RECORDS FOR THIS TASK ->
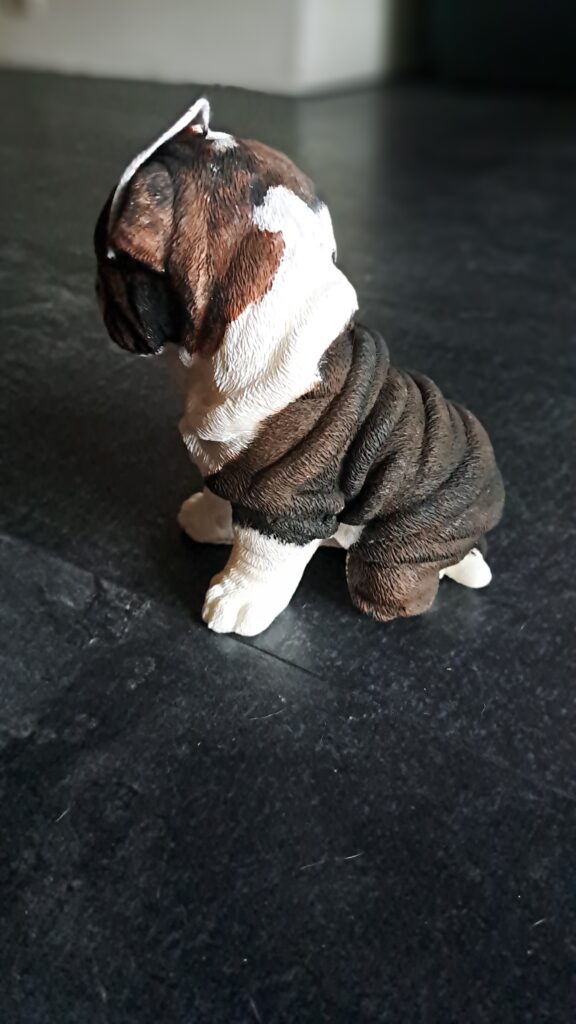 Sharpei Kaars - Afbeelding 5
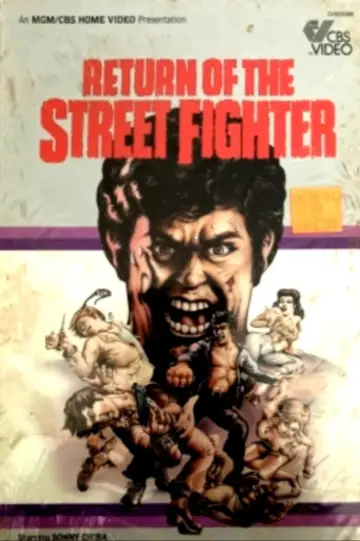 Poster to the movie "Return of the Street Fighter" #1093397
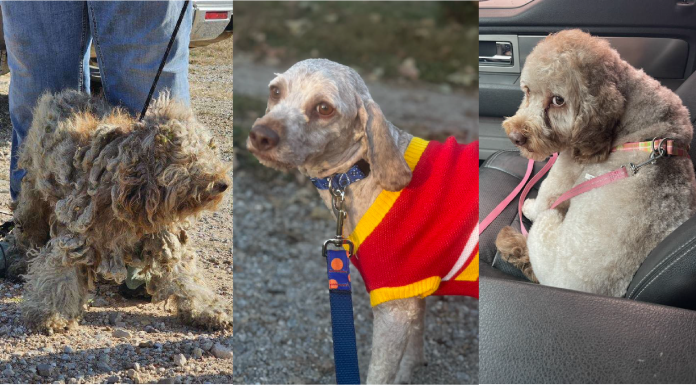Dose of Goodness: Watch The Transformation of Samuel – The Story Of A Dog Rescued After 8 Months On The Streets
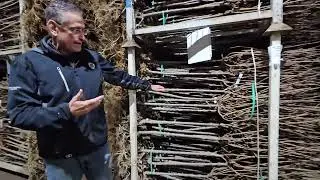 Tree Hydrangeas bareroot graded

---

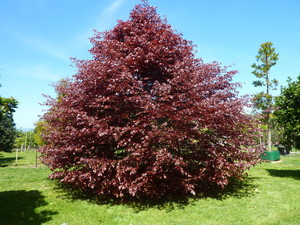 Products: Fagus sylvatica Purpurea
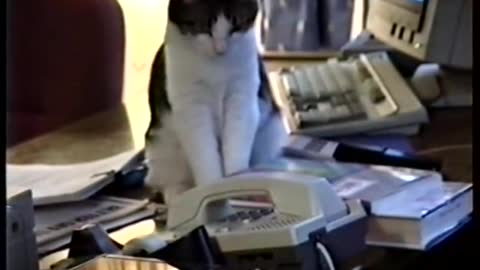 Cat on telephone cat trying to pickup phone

TASK DETAILS -> Return exactly the stretch above whose first line contains "Products: Fagus sylvatica Purpurea" and whose last line contains "Cat on telephone cat trying to pickup phone", and nothing outside it. The pictures should not appear.

EXERCISE SOLUTION ->
 Products: Fagus sylvatica Purpurea
 Cat on telephone cat trying to pickup phone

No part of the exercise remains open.